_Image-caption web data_
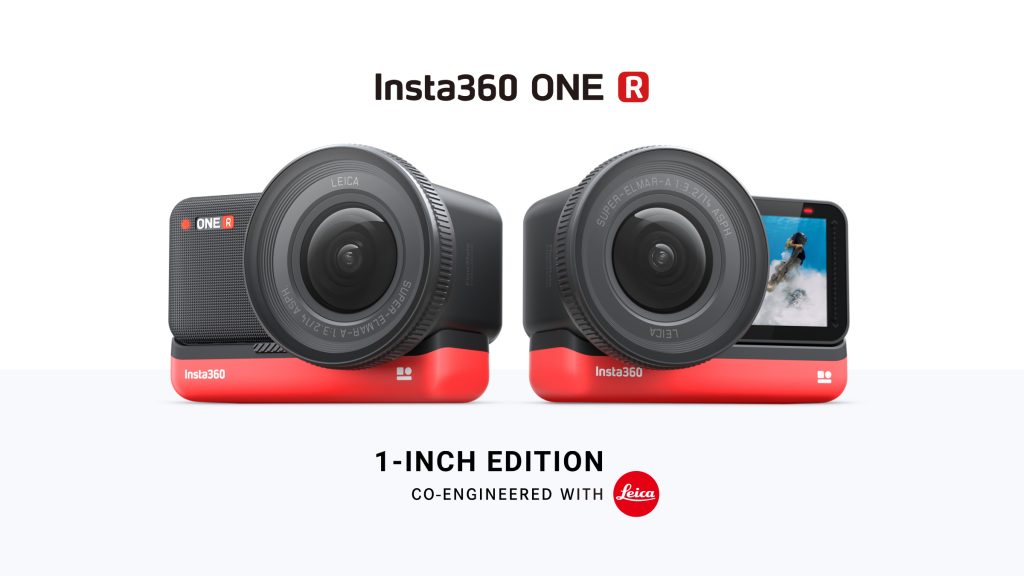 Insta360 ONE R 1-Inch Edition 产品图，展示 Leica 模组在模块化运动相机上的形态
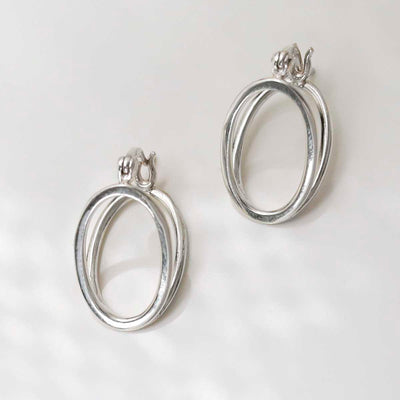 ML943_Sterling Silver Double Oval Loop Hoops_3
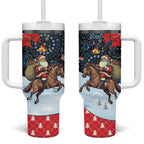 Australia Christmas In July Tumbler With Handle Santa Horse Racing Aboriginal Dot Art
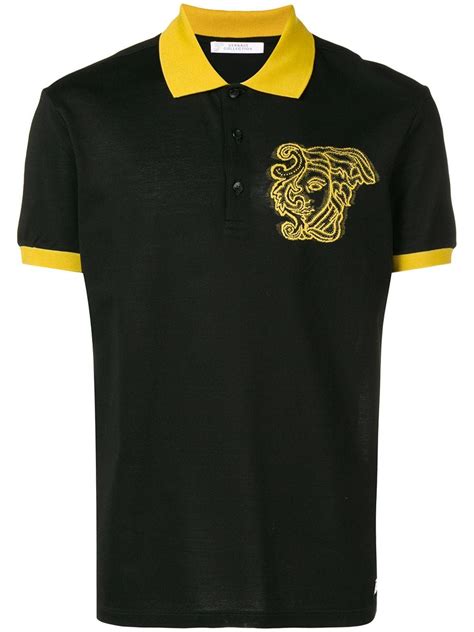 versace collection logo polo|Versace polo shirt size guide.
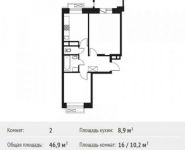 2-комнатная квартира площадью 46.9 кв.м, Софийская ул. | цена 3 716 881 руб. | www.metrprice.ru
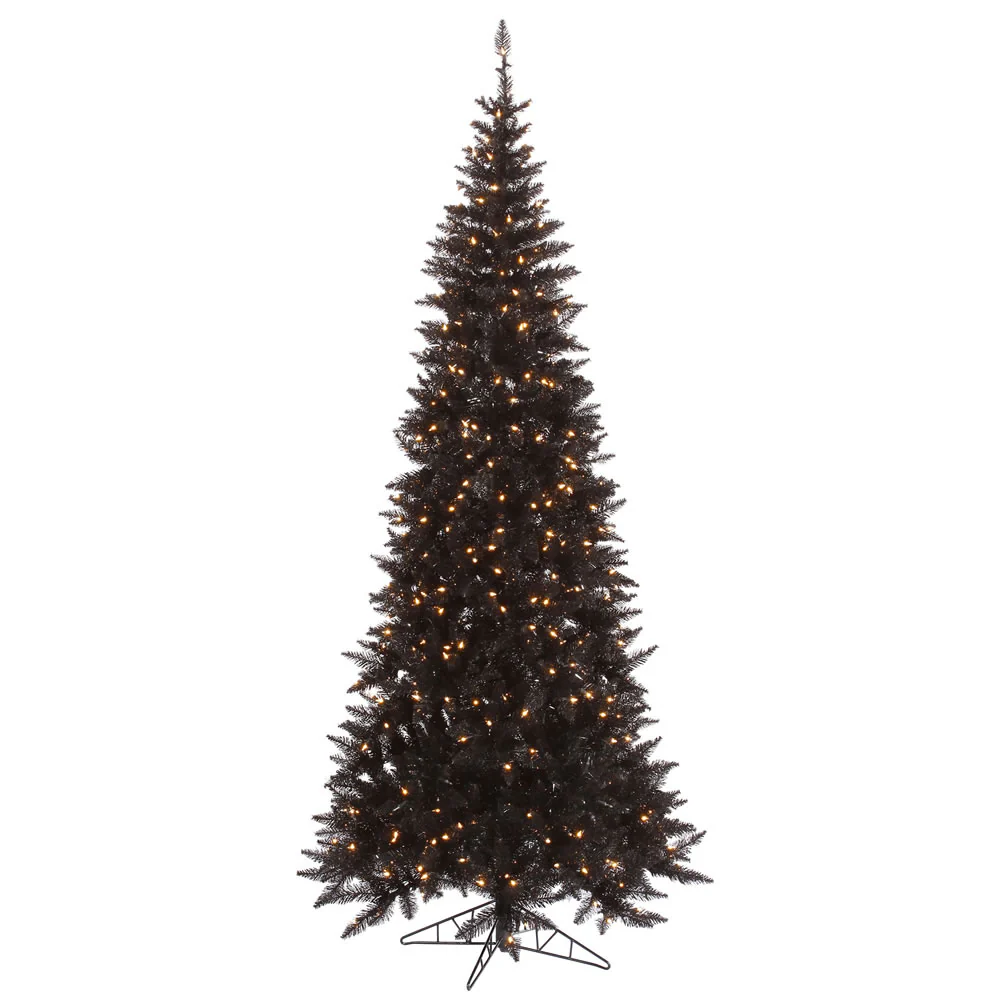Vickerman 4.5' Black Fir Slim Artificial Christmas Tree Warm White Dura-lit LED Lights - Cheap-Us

_EXERCISE REQUIREMENTS_
Could you transcribe exactly the lines from the one with "Australia Christmas In" through the end of the data, both ends included, and nothing else, skipping the pictures?

_RESULT OF THIS TASK_
 Australia Christmas In July Tumbler With Handle Santa Horse Racing Aboriginal Dot Art
 versace collection logo polo|Versace polo shirt size guide.
 2-комнатная квартира площадью 46.9 кв.м, Софийская ул. | цена 3 716 881 руб. | www.metrprice.ru
Vickerman 4.5' Black Fir Slim Artificial Christmas Tree Warm White Dura-lit LED Lights - Cheap-Us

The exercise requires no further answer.